Ayer, en La Rosaleda, donde con ese césped difícilmente puede crecer una rosa, ni siquiera la de Alejandría (jeque aparte), el Athletic pasó de Aduriz, primero, y de Llorente, después, empeñado Susaeta en combinar unicamente con  Iraola , e Ibai Gómez en buscarse la pierna derecha para lanzar un misil, un cohete o un perdigón. Debe ser desesperante para un delantero centro nato sentirse tan insignificante como un jilguero en la madre de todas las batallas o tan olvidado como Sotil en la grada del Camp Nou.

Aduriz solo apareció en Málaga como un errata en el argumento de un gol cantado que exigió lo mejor de un gran Caballero. Llorente, después se significó por un gol anulado (con ojo de halcón) en el único balón que tocó. Nadie supo que ellos andaban por allí, cada cual ensimismado en sus órdenes estrictas, cada cual sujeto a su Gibraltar particular. Si además Ander Herrera, el ingeniero, y DeMarcos, el dinamitero, se habían dormido en la garita, el Athletic más que un cuartel parecía una tropa de montaña luchando contra la nieve acumulada.

Bien que el Málaga es un equipo bastante bien armado (aunque nota la baja de Monreal, mal sustituido por Antunes), que se sabe la lección, que no se acelera, que tiene en Camacho el futbolista insignificante que le eleva la nota, que Isco se busca el sobresaliente, a veces con más parafernalia que eficiencia, que asusta con la bestia (aún mansa) de Baptista, y sobre todo que tiene enToulalan, ayer reservado para el final, la ejemplificación del futbolista insignificante lleno de significado. Messi cambia el significado del fútbol con sus botas y sus pies. Tipos como Toulalan lo cambian por su apropiación del espacio.

Es tiempo ya de que el Athletic se pregunte por qué pierde los partidos que no tiene que perder.
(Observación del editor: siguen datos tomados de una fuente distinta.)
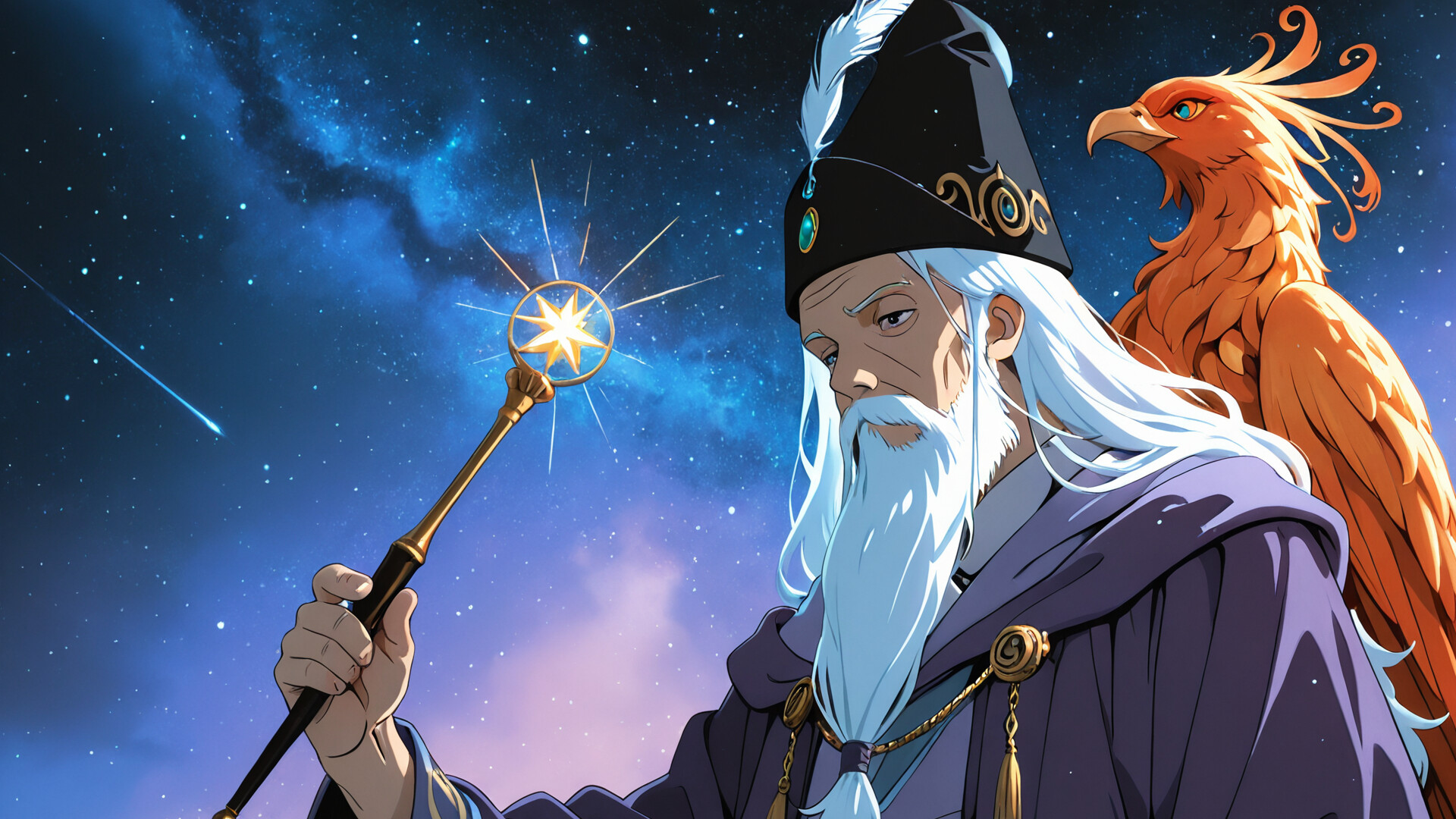 An anime-style portrait of Albus Dumbledore, a wizard with a long white beard and purple robes, holding a star-tipped wand, with a large orange phoenix behind him against a starry night sky.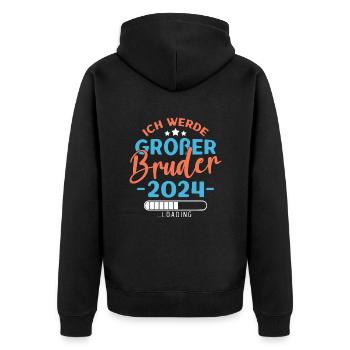 Großer Bruder 2024 Jungen Geschwister Geburt - Unisex Premium Bio Zip Hoodie - Schwarz - Hinten - Nico (187cm)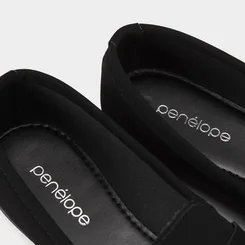 Mocassim Loafer Penélope Nobuck Preto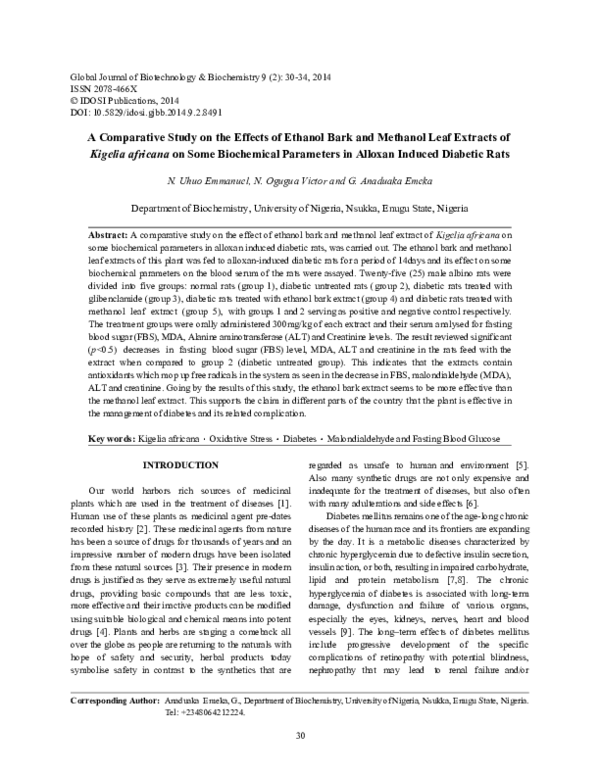 (PDF) A Comparative Study on the Effects of Ethanol Bark and Methanol ...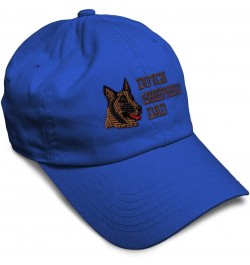 Custom Soft Baseball Cap Dutch Shepherd Dad Embroidery Dogs Dog Twill Cotton Dad Dad Hats for Men & Women Royal Blue Design O...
Bien, el Málaga en conjunto fue mejor, pero el Athletic pudo empatar perfectamente, en un acto de justicia legal (no poética) y sin embargo lo perdió por méritos propios: por mala defensa, por la aceleración en  contar con Gurpegui, por los pecados de juventud de Laporte, por la ineficiencia de Aurtenetxe, por el descontrol de De Marcos, por la imprecisión de Herrera, por la indefinición de Aduriz (en la única que tuvo), por el egosimo de Ibai Gómez, ajeno al juego, por el desconcierto de Iturraspe. Aún así pudo y debió empatar. Un asunto para reflexionar. Más ante un Málaga armado, paciente, sin demasiadas estridencias, a veces rutinario, a veces imperioso, que obtuvo un gol de Saviola (¿quien si no?) como podía no haberlo obtenido, poque el Athletic cuando tiembla en defensa (a menudo) no mira al rival, sino al balón, como el hombre sencillo mira sólo el dedo que le enseña la luna.

Al menos le quedó un consuelo. Raúl fue un portero de garantías. Bien con el pie  y bien en el mano a mano, tranquilo como un portero de la selección de Laponia y sensato en todas sus acciones. Quizás el futbolista del Athletic que mejor pasó el balón al pie de sus compañeros. Pero conviene hacer un ceda el paso. Acaba de empezar. También Laporte nació como un rayo y ahora aparecen algunas tormentas. Llegará la calma. Es la hora de los futbolistas insignificantes, las columnas del templo.